- ASSIGNED TASK -
Repeat the stretch of entries below from the line with "Panko garlic mashed" through the line with "74mm Solomon Hexagram". Include both ends and add nothing.
(Beginning of MATERIAL TO PROCESS)
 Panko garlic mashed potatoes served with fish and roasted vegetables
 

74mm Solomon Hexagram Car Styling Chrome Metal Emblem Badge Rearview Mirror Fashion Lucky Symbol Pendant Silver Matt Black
(End of MATERIAL TO PROCESS)
(Beginning of MATERIAL TO PROCESS)
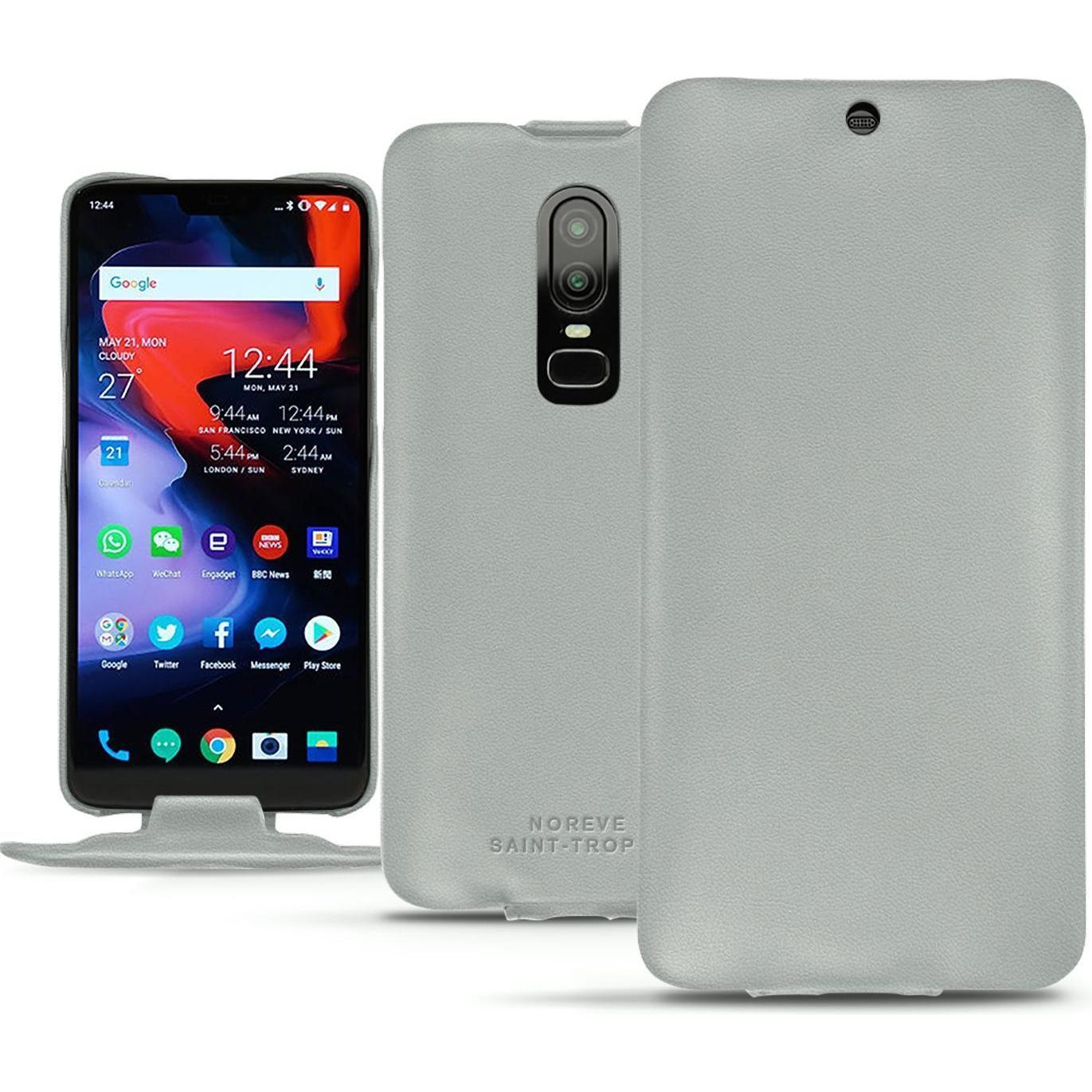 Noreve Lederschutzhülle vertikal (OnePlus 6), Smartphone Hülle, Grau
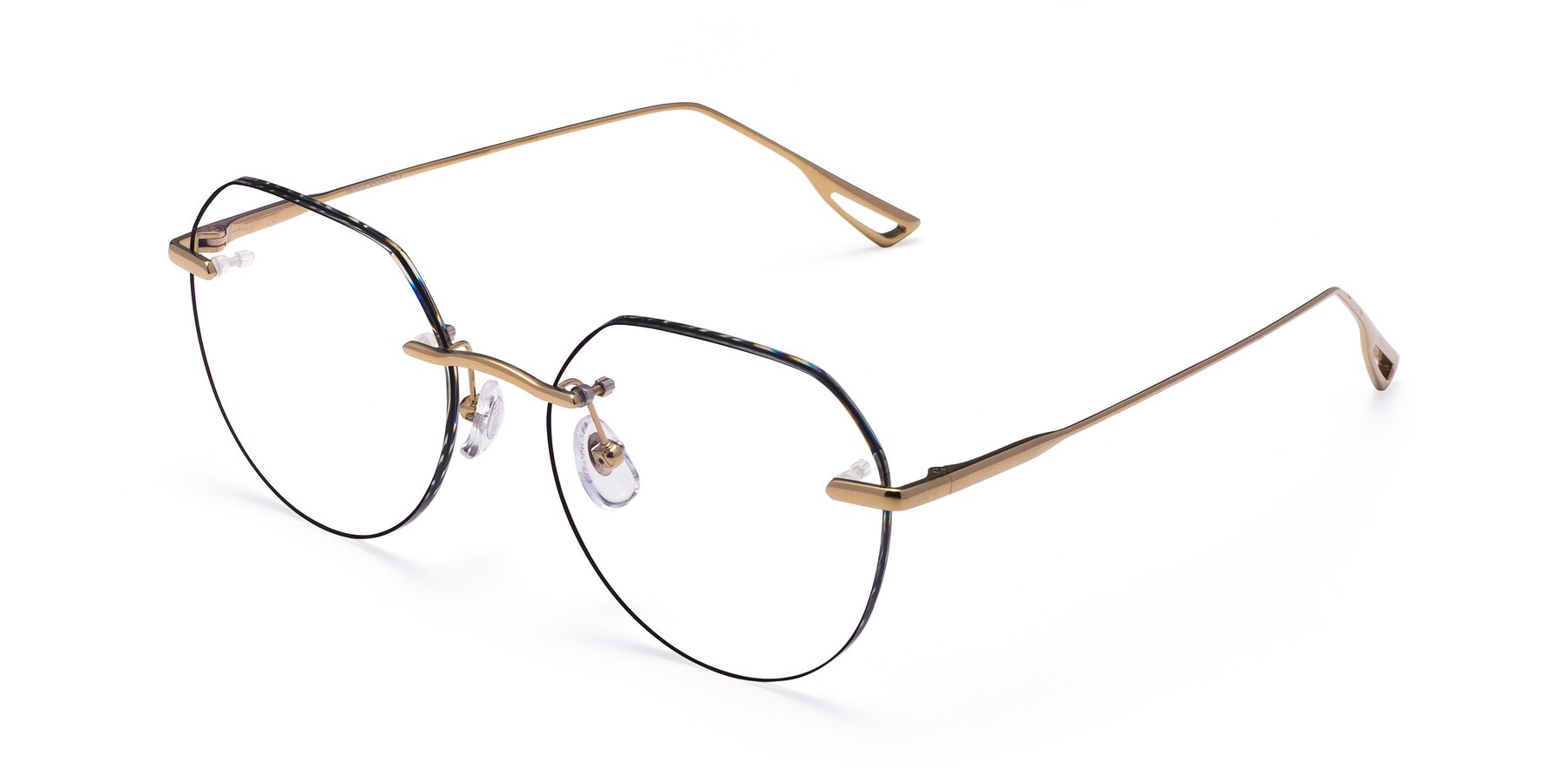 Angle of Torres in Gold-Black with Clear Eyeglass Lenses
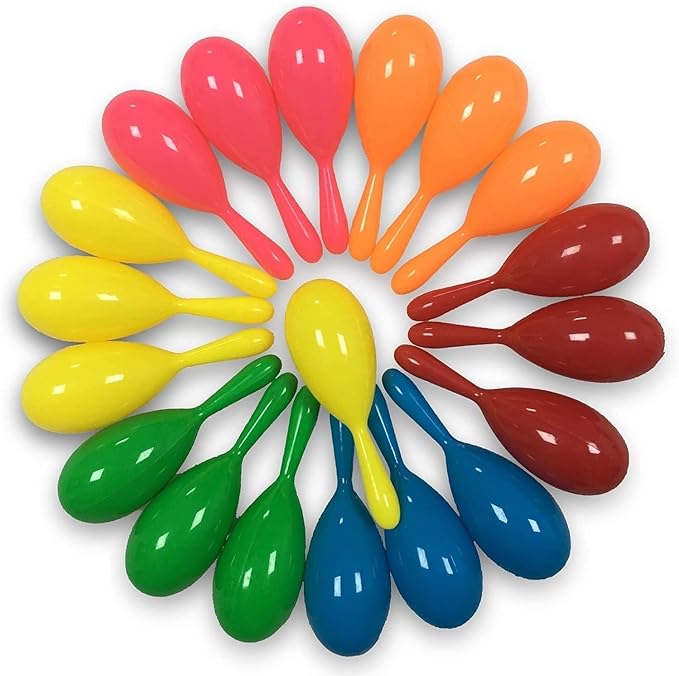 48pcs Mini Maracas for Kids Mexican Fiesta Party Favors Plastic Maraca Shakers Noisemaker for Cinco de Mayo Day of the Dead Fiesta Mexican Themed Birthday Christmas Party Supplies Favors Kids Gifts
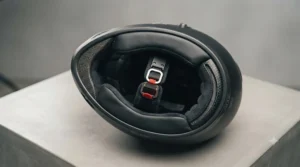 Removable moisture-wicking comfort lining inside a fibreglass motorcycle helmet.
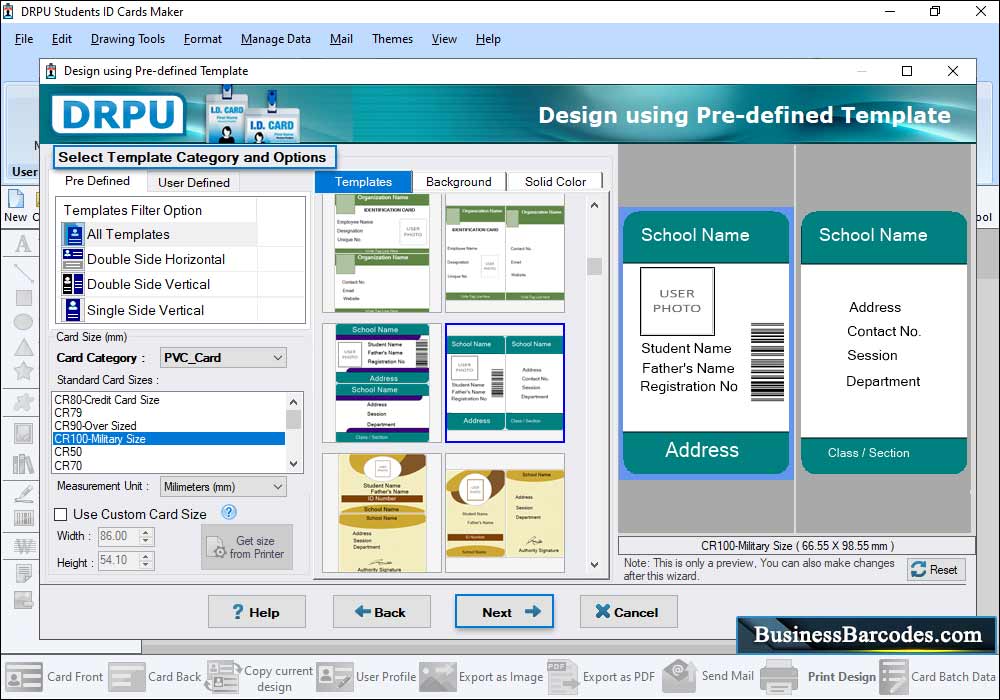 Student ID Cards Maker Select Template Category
(End of MATERIAL TO PROCESS)
- TASK RESULT -
 Panko garlic mashed potatoes served with fish and roasted vegetables
 

74mm Solomon Hexagram Car Styling Chrome Metal Emblem Badge Rearview Mirror Fashion Lucky Symbol Pendant Silver Matt Black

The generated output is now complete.